/Gender-differences-in-Journalistic-Writing

This project aims to investigate gender differences in journalistic writing based on a large corpus of newspaper articles. We want to explore to what extent men and women write about different topics and to what extent they write about topics differently.

Primary LanguageR

Gender-differences-in-Journalistic-Writing

This project aims to investigate gender differences in journalistic writing based on a large corpus of newspaper articles. We want to explore to what extent men and women write about different topics and to what extent they write about topics differently.

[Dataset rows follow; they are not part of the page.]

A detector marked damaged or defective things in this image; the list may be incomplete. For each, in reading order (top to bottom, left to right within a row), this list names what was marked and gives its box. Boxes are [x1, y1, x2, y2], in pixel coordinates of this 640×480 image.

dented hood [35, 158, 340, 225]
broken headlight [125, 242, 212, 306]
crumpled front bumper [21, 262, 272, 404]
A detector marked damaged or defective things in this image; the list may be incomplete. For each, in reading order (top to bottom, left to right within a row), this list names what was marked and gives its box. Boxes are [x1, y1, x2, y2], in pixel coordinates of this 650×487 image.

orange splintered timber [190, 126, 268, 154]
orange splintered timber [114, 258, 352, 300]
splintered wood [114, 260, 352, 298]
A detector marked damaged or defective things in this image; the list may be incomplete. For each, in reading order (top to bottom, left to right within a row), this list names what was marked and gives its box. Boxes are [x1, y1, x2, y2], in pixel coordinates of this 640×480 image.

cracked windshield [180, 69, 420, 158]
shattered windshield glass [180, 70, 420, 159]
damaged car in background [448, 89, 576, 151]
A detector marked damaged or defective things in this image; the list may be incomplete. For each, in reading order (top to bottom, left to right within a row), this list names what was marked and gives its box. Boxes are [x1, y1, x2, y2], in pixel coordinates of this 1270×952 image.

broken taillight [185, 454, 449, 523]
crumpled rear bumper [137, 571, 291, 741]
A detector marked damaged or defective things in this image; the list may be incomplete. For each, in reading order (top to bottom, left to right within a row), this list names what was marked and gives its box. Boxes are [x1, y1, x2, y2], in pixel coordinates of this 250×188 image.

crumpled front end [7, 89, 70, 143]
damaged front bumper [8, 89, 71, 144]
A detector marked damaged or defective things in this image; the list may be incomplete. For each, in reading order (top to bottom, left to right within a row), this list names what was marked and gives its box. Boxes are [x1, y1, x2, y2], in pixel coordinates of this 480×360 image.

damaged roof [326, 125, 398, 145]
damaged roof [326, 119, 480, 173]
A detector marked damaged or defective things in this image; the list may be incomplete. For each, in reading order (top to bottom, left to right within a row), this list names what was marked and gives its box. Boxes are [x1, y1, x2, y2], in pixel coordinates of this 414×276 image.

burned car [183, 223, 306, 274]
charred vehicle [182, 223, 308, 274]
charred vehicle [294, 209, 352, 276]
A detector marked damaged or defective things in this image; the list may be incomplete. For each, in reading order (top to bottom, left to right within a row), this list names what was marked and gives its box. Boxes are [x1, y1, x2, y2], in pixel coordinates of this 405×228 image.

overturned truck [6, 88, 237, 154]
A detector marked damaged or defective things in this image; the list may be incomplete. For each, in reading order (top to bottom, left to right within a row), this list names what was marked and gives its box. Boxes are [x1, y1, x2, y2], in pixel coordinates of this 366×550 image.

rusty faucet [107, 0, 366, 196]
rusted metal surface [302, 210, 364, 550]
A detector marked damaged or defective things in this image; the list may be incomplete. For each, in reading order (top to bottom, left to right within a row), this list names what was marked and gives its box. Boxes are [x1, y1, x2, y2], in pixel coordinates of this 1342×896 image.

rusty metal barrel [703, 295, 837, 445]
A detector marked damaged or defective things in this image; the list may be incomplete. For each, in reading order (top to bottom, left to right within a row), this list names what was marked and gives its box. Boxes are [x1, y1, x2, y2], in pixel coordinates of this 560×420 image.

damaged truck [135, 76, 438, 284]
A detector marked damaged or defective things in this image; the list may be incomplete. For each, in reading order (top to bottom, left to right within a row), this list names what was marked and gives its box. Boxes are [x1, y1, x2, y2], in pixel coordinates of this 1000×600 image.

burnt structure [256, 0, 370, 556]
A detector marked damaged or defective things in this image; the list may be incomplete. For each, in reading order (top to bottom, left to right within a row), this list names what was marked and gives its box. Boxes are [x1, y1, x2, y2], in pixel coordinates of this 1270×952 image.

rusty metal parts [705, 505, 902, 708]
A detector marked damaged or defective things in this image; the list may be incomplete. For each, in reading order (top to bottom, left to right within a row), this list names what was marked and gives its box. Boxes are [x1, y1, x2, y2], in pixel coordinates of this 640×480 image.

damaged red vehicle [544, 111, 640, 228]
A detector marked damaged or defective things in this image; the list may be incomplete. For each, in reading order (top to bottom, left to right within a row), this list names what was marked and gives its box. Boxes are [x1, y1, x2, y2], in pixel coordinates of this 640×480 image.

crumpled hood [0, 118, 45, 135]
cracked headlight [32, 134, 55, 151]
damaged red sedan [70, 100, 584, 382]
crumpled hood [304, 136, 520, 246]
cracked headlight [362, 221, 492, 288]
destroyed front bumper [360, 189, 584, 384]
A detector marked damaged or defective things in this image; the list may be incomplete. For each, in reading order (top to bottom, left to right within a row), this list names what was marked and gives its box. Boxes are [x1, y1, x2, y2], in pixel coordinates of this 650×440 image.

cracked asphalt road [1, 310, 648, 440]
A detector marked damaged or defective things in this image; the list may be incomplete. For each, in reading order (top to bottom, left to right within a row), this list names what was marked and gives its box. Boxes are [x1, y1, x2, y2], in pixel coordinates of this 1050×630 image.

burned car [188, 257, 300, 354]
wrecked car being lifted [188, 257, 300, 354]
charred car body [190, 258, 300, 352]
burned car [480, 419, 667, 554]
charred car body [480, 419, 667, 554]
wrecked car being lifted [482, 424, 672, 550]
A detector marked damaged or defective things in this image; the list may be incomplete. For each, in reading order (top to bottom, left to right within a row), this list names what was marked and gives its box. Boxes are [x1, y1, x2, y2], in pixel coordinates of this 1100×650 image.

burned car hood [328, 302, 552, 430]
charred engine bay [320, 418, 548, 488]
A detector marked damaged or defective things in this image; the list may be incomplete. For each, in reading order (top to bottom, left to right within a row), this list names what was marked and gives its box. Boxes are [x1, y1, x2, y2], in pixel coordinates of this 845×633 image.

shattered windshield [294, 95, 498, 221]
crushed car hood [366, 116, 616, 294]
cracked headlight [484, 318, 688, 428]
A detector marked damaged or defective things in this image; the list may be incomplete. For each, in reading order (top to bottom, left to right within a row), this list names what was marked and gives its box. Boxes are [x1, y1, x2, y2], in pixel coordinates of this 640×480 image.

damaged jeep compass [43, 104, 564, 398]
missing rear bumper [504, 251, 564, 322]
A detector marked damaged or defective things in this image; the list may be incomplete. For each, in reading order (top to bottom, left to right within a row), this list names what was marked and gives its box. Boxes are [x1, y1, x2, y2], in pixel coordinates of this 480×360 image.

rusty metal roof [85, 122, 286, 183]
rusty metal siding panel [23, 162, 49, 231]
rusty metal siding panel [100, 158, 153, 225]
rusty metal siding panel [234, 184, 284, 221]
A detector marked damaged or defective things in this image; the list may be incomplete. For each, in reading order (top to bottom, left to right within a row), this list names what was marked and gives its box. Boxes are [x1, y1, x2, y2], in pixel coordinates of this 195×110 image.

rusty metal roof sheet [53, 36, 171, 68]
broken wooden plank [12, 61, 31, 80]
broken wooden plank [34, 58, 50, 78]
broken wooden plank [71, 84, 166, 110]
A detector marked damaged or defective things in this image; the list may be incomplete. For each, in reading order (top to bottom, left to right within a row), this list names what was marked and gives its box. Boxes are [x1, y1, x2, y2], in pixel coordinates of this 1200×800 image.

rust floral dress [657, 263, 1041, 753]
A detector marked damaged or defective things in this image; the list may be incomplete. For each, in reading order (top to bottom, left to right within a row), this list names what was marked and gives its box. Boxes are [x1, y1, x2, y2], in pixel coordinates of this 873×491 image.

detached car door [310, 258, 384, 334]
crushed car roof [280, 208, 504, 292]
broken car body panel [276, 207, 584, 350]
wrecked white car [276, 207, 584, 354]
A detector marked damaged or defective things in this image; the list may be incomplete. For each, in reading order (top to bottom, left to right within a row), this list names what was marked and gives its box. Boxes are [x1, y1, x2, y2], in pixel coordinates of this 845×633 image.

To approach these questions we combine a set of descriptive and predictive NLP and ML techniques. We use structural topic modeling (STM) to test if male and female authors write about different topics. We apply Sentiment Analysis to explore whether men and women write about topics differently. Based on the insights from this quantitative text analysis, we build a classification model to predict authors' gender based on their article texts. The predictive performance provides evidence about how different texts are by gender. A common approach in this realm is to employ topic modeling (LDA) to generate features for the predictive models. We implement this approach as our baseline which we compare to a feature selection method developed by ourselves: uniqueK. This method is based on using the most frequently used unique words by gender as input for the prediction model.

The code for each of these steps can be found in the corresponding folder. The folder "Other" contains experimental code revelant for the topic but not used to produce the final results.